Here’s our list of five big issues to keep an eye on in 2010:
- Mortgage rates: The Federal Reserve has kept mortgage rates low for most of 2009.... Whether the private market is ready to fill the gap when the Fed exits is one of the hottest debates between economists, investors and analysts.
- Fannie, Freddie and the FHA: Nearly nine in 10 mortgages are now being backed by Fannie Mae and Freddie Mac, the mortgage-finance giants taken over by the government, or government agencies such as the Federal Housing Administration. The future of Fannie and Freddie remains nearly as uncertain now as it was one year ago.... The FHA, meanwhile, has suffered from heavy losses that could lead to a taxpayer bailout...

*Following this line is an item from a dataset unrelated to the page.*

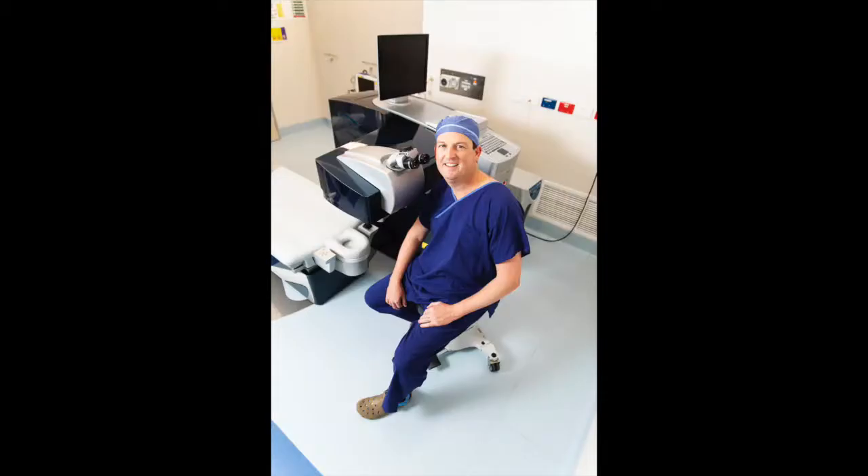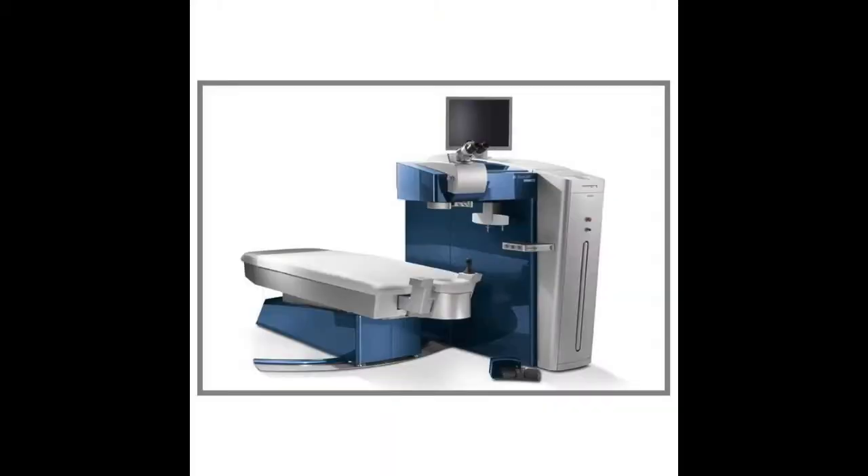This is the room the procedure is done in. The procedure involves a very expensive laser called an excimer laser — it's amazing technology. Most people know the laser as the machine used for LASIK or laser eye surgery to get patients out of glasses. That's absolutely not what we're using it for in this case.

- Loan modifications: Loan modification efforts have helped to hold back the supply of foreclosures for sale. The number of seriously delinquent loans continues to climb, so it’s reasonable to expect a pick up this year in distressed sales and foreclosures that hit the market.
- More loan resets: Analysts and pundits have been warning for years about the coming wave of option adjustable-rate mortgages that will jump to sharply higher payments beginning this year. Those loan recasts are concentrated particularly in high-cost housing markets.... Meanwhile, more interest-only loans that allowed borrowers to avoid making principle payments for three, five, or seven years will reset to higher payments.
- Tax credit and home sales: Sales were fueled in the late summer and early fall in part due to an $8,000 tax credit that had been set to expire in November. Congress has extended that through the first half of next year, but some economists say that the tax credit will steal demand from future months.... There’s still a good deal of debate between housing economists and analysts over whether a “double-dip” could lead home prices to fall below the bottom that was set last April.
As far as the FHA and GSEs are concerned, the government is continuing the reckless, low down-payment lending that got us into the current mess.